Learn more: Job Management

2. SQL Operations

Execute SQL queries on Databricks SQL endpoints with support for multiple data formats and bulk operations.

# Execute SQL query with results export
sql_task = DatabricksSqlOperator(
    task_id='run_analytics_query',
    sql="""
        SELECT customer_id, COUNT(*) as order_count
        FROM orders 
        WHERE order_date = '{{ ds }}'
        GROUP BY customer_id
    """,
    databricks_conn_id='databricks_sql',
    output_path='/tmp/daily_analytics_{{ ds }}.csv',
    output_format='csv'
)

Learn more: SQL Operations

3. Repository Management

Manage Git repositories in Databricks Repos for version-controlled notebook and code deployment.

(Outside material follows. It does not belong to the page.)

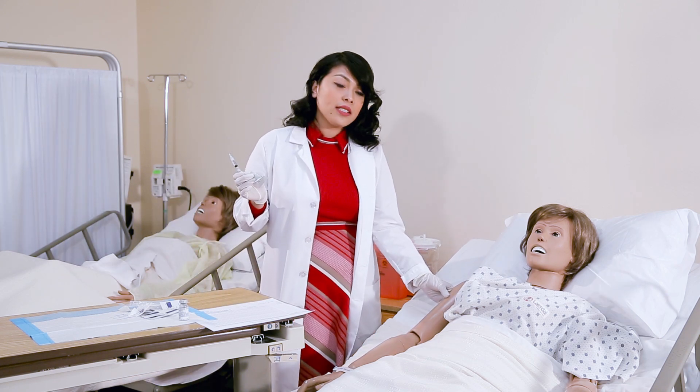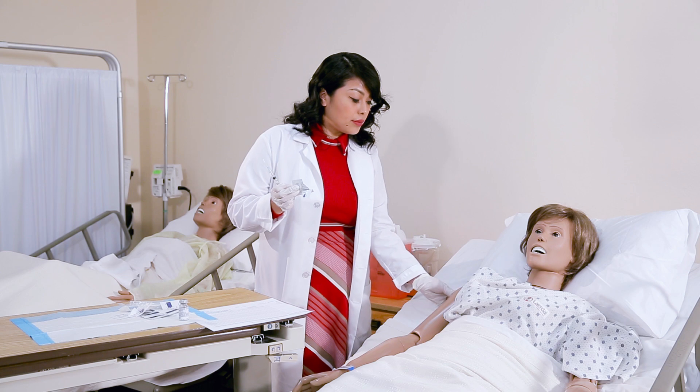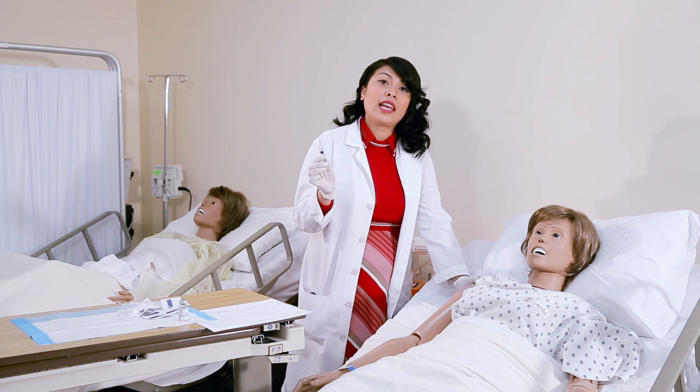Now you're going to go ahead and look at the site. This is the deltoid muscle, most commonly used for the IM injection. You are going to clean from inner to outer. Make sure the alcohol is dry so it doesn't seep into the skin.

# Create and update repository for notebook deployment
create_repo = DatabricksReposCreateOperator(
    task_id='create_analytics_repo',
    git_url='https://github.com/company/analytics-notebooks.git',
    repo_path='/Repos/production/analytics'
)

Learn more: Repository Management

4. Workflow Orchestration

Create complex multi-task workflows that run as coordinated Databricks jobs with dependency management.

# Define workflow with multiple dependent tasks
with DatabricksWorkflowTaskGroup(group_id='data_pipeline') as workflow:
    extract_task = DatabricksTaskOperator(
        task_id='extract_data',
        task_config={
            'notebook_task': {
                'notebook_path': '/pipelines/extract',
                'base_parameters': {'date': '{{ ds }}'}
            }
        }
    )

Learn more: Workflow Orchestration

5. Connection & Authentication

Flexible authentication methods including personal access tokens, Azure AD, and service principal authentication.

# Custom hook usage with specific connection settings
hook = DatabricksHook(
    databricks_conn_id='databricks_production',
    timeout_seconds=3600,
    retry_limit=3
)
run_result = hook.submit_run(job_config)

Learn more: Connection & Authentication

6. Monitoring & Sensing

Monitor job completion, data availability, and query results with support for deferrable execution.

# Monitor job completion with sensor
job_sensor = DatabricksSensor(
    task_id='wait_for_job_completion',
    run_id="{{ task_instance.xcom_pull(task_ids='submit_job', key='run_id') }}",
    databricks_conn_id='databricks_default',
    deferrable=True
)

Learn more: Monitoring & Sensing

Key Features

  • Deferrable Execution: All operators support async/deferrable mode for improved resource efficiency
  • Template Support: Comprehensive Jinja2 templating for dynamic parameter configuration
  • XCom Integration: Automatic XCom pushing for run IDs, job URLs, and query results
  • Error Handling: Robust error parsing and retry mechanisms with configurable timeouts
  • Multi-Format Support: CSV, JSON, and Parquet output formats for query results
  • Resource Management: Automatic cluster management with support for job clusters and existing clusters
  • OpenLineage Integration: Built-in data lineage tracking for data governance
  • UI Integration: Direct links to Databricks job runs and workflows from Airflow UI

Getting Started

  1. Install the provider: pip install apache-airflow-providers-databricks
  2. Configure connection: Set up Databricks connection in Airflow with your workspace URL and authentication
  3. Choose your use case: Start with the relevant capability guide above
  4. Build incrementally: Begin with simple operations and expand to complex workflows

The Databricks provider enables you to leverage the full power of Databricks within your Airflow orchestration, from simple notebook execution to complex multi-stage data processing pipelines.